Iridoschisis is a rare condition in which the anterior layer of the iris stroma is separated from the posterior iris stroma and muscle layers. The anterior layers disintegrate into thin fibrils with free ends floating in the anterior chamber. In 1922, Schmitt described the first case of this iris splitting [2], which was later termed “iridoschisis” by Lowenstein and Foster in 1945.[3] Lowenstein and Foster described a case of bilateral iridoschisis in a woman with end stage glaucoma leading to enucleation in one eye. This allowed for the first histological study of the condition, revealing deep clefts between largely atrophic anterior stromal layers and the posterior stromal iris layers[3] . Since then, more than two-thirds of all reported cases of iridoschisis have been associated with some form of glaucoma. [4]


There have been approximately 100 cases of iridoschisis reported in the literature [4]. The causative agent of iridoschisis is not yet identified. Lowenstein and Foster suggested that there might be an anatomic basis for the particular plane at which that the stromal cleavage occurs[3]. They theorized that there may be an atrophic effect of lytic substances in the aqueous humor due to a glaucomatous condition or secondary to trauma that may induce an intraocular pressure peak that shears iris along the dilator fibers and splits the stroma. Lastly, they considered that the iridoschisis simply could be attributed to senile changes. Other authors have suggested that with age there is increasing sclerosis of iris blood vessels, which induce a shearing action that along with dilation and constriction of the iris sphincter tears the anterior and posterior stromal layers apart.[5]

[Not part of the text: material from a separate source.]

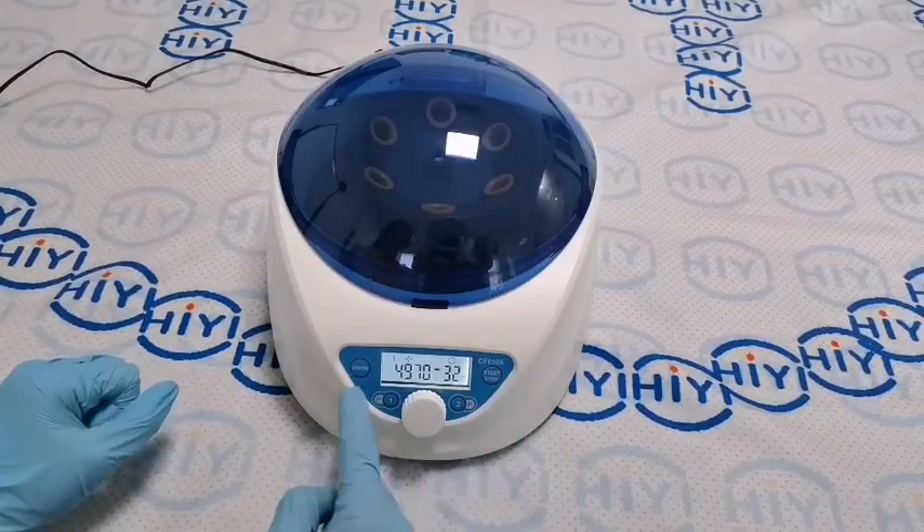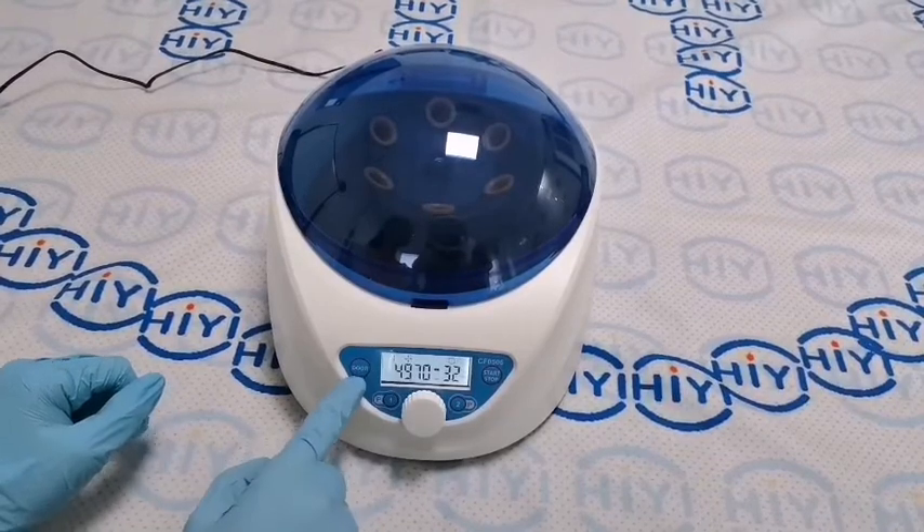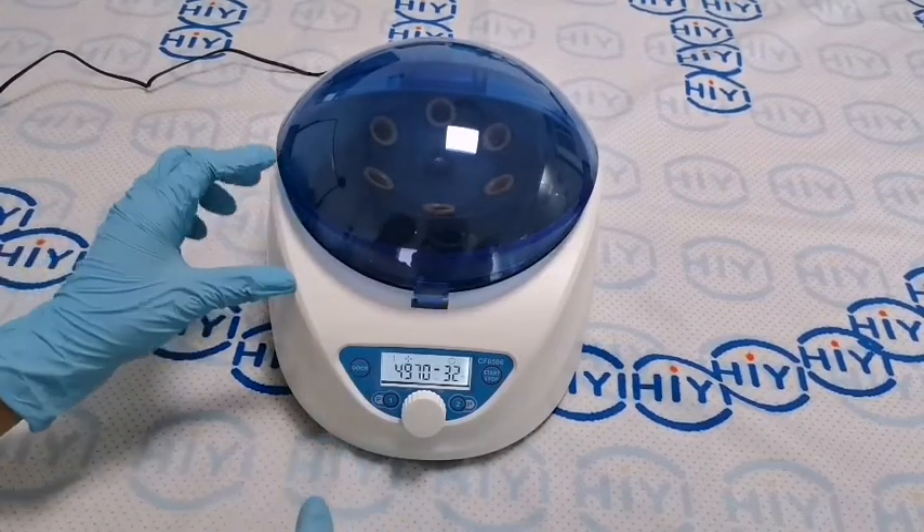Look at the panel. We can look at the LCD display. This is the door button. Press it — the door is open.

Reports of iridoschisis and plateau iris configuration suggests that the mechanism of iridoschisis has more to do with a congenital anatomical anomaly than with senile or traumatic changes.[6] [7] Finally, some authors suggested that prolonged treatment with miotics can cause a mechanical shearing action that provokes tearing of the iris stroma. [8] However, miotics were commonly used for glaucoma therapy for many years and few miotic users developed iridoschisis.

Flouroiridography studies reveal normal perfusion of blood vessels in the affected portions of the iris, eliminating ischemia as a contributing factor. [9] Histopathology studies of the iris reveal tissue fibrosis and atrophy leading to clefts between the anterior and posterior stromal layers [5]. There is a diminished number of collagen fibrils in the affected iris sectors on electron microscopy. Both histopathology and electron microscopy studies suggest that the iris vessels are largely normal, other than possible swelling of vessel endothelial layers. The normal vasculature and perfusion in iridoschisis also differentiates the condition from essential iris atrophy, negating the theory that iridoschisis is a type of essential iris atrophy. [4] Corneal endothelial cells that come into contact with the floating iris strands can degenerate, but otherwise the cornea is unaffected in this condition. [4][5][10]

Clinical Characteristics

Patients with iridoschisis typically present in the fifth to seventh decade of life, and often with complete angle closure and glaucomatous damage.[4] The anterior iris stroma splits from the posterior and muscle layers, and the loose ends wave in the aqueous humor of the anterior chamber. Most commonly, iridoschisis is seen in the inferior iris (Figure 1). Iridoschisis may appear unilateral at first but generally is a bilateral condition. [11]

Figure 1: Anterior segment photograph of iridoschisis [12]

Two-thirds of reported iridoschisis cases have associated glaucoma,[4][11] about half of which are cases of angle closure glaucoma, although angle recession and open angle glaucoma have also been reported. [8][13] Iridoschisis coexisting with presenile cataracts is also documented. [14] [15] Generally, the cornea is unaffected although there are reports of bullous keratopathy due to endothelial cell loss from direct contact with the floating iris strands.[10] There are also a few reports of iridoschisis in patients with keratoconus, [16] including one occurring after penetrating keratoplasty. [17]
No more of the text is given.